(DATA SHOWN)

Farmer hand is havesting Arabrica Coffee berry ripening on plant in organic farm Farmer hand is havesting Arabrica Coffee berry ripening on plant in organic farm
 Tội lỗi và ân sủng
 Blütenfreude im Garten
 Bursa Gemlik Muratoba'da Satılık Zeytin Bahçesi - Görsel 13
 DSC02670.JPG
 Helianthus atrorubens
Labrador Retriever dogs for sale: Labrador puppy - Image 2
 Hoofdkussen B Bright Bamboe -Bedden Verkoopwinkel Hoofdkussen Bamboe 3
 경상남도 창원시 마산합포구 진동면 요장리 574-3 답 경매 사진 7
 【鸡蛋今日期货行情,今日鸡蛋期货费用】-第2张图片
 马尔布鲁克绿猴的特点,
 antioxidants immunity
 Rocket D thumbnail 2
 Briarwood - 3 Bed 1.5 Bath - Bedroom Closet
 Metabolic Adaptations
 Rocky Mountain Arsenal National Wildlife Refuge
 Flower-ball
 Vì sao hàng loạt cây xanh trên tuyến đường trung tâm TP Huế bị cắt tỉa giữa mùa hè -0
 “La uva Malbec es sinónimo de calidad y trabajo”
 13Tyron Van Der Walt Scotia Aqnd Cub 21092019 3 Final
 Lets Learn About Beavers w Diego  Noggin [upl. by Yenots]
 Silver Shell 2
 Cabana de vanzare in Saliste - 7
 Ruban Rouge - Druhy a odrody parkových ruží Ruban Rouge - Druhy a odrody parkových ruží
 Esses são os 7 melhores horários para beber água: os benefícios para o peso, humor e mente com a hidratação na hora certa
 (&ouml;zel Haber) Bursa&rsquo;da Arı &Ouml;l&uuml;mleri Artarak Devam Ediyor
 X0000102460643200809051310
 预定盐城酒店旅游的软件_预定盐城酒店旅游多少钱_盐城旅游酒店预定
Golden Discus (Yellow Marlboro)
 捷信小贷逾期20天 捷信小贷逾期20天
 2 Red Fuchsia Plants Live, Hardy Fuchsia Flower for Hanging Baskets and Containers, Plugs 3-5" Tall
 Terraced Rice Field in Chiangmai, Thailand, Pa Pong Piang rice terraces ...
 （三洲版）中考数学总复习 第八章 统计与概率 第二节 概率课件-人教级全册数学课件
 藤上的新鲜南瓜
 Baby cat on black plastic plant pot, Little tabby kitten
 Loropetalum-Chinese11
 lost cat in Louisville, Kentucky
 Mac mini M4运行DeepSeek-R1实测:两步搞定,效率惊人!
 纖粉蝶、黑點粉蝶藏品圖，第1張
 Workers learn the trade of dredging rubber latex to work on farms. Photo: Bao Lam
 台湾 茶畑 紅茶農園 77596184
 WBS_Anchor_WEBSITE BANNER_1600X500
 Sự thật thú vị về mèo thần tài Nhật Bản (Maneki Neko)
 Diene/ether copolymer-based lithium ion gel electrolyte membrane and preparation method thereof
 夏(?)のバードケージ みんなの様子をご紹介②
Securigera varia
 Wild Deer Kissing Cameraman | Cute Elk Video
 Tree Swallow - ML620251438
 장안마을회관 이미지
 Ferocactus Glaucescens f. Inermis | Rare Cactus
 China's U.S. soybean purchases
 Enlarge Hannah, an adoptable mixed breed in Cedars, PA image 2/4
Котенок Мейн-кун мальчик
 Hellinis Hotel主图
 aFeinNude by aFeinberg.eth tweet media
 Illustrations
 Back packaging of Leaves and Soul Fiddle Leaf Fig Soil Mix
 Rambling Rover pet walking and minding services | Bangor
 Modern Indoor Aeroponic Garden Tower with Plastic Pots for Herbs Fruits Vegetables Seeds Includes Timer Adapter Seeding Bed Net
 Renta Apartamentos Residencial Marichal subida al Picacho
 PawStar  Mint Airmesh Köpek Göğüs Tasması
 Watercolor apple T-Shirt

(End DATA SHOWN)

— TASK BRIEF —
From the first line of the records through the line with "Vì sao hàng", retype everything word for word, including both ends.

— YOUR SOLUTION —
Farmer hand is havesting Arabrica Coffee berry ripening on plant in organic farm Farmer hand is havesting Arabrica Coffee berry ripening on plant in organic farm
 Tội lỗi và ân sủng
 Blütenfreude im Garten
 Bursa Gemlik Muratoba'da Satılık Zeytin Bahçesi - Görsel 13
 DSC02670.JPG
 Helianthus atrorubens
Labrador Retriever dogs for sale: Labrador puppy - Image 2
 Hoofdkussen B Bright Bamboe -Bedden Verkoopwinkel Hoofdkussen Bamboe 3
 경상남도 창원시 마산합포구 진동면 요장리 574-3 답 경매 사진 7
 【鸡蛋今日期货行情,今日鸡蛋期货费用】-第2张图片
 马尔布鲁克绿猴的特点,
 antioxidants immunity
 Rocket D thumbnail 2
 Briarwood - 3 Bed 1.5 Bath - Bedroom Closet
 Metabolic Adaptations
 Rocky Mountain Arsenal National Wildlife Refuge
 Flower-ball
 Vì sao hàng loạt cây xanh trên tuyến đường trung tâm TP Huế bị cắt tỉa giữa mùa hè -0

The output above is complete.